Problem statement
What is wanted is an exact copy of the lines from the top of the listing through the line containing "A living room area".

Listed entries section start

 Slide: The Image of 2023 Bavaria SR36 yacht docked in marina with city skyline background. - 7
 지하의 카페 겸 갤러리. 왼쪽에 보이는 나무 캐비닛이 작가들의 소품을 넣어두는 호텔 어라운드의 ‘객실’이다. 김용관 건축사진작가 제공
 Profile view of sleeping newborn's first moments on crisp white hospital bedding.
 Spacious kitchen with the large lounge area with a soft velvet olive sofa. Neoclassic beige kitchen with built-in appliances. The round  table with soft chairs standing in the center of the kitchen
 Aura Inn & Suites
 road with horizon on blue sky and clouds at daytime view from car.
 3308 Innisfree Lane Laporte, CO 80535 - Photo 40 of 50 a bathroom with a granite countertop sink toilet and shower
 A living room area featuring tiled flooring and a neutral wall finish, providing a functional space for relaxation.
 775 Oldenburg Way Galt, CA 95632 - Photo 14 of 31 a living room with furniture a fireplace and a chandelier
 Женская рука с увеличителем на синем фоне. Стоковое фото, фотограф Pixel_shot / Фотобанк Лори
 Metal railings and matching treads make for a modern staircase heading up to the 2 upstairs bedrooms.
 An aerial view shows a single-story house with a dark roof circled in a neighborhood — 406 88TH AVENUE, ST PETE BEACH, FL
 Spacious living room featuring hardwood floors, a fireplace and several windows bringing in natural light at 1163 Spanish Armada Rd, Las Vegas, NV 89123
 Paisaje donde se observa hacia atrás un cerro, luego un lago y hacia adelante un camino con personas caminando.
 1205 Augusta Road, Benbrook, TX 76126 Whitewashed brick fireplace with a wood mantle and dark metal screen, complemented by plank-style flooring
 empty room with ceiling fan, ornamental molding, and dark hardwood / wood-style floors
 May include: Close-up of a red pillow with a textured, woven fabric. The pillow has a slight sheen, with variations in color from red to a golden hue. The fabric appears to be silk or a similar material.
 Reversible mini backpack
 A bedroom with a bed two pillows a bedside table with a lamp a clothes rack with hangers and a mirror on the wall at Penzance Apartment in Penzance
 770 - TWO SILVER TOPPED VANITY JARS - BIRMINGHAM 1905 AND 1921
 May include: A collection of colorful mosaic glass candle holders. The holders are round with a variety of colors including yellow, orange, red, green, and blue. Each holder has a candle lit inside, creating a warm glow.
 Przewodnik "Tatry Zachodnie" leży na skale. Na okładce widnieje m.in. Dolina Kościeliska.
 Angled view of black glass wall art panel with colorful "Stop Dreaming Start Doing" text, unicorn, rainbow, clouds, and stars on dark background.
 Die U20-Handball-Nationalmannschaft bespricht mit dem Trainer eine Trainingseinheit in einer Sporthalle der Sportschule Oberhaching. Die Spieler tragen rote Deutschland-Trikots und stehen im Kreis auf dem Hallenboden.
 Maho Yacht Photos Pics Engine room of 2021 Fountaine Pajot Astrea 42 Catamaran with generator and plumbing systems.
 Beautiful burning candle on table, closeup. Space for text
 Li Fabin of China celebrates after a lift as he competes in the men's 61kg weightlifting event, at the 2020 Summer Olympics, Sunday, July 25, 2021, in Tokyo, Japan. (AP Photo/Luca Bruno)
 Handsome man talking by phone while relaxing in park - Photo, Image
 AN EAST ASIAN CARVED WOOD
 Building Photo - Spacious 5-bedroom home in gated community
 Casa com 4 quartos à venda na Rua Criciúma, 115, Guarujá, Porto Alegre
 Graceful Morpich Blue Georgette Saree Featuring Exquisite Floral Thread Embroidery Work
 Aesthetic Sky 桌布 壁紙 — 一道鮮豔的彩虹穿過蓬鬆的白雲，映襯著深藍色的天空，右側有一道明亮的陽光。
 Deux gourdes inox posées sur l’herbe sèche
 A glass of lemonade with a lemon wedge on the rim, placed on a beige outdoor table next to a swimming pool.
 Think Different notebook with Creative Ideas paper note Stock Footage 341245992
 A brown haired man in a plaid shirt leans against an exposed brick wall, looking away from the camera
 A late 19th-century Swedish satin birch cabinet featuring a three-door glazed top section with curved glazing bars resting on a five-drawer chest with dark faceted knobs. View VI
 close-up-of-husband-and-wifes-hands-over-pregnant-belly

Listed entries section end

Reply to the task
 Slide: The Image of 2023 Bavaria SR36 yacht docked in marina with city skyline background. - 7
 지하의 카페 겸 갤러리. 왼쪽에 보이는 나무 캐비닛이 작가들의 소품을 넣어두는 호텔 어라운드의 ‘객실’이다. 김용관 건축사진작가 제공
 Profile view of sleeping newborn's first moments on crisp white hospital bedding.
 Spacious kitchen with the large lounge area with a soft velvet olive sofa. Neoclassic beige kitchen with built-in appliances. The round  table with soft chairs standing in the center of the kitchen
 Aura Inn & Suites
 road with horizon on blue sky and clouds at daytime view from car.
 3308 Innisfree Lane Laporte, CO 80535 - Photo 40 of 50 a bathroom with a granite countertop sink toilet and shower
 A living room area featuring tiled flooring and a neutral wall finish, providing a functional space for relaxation.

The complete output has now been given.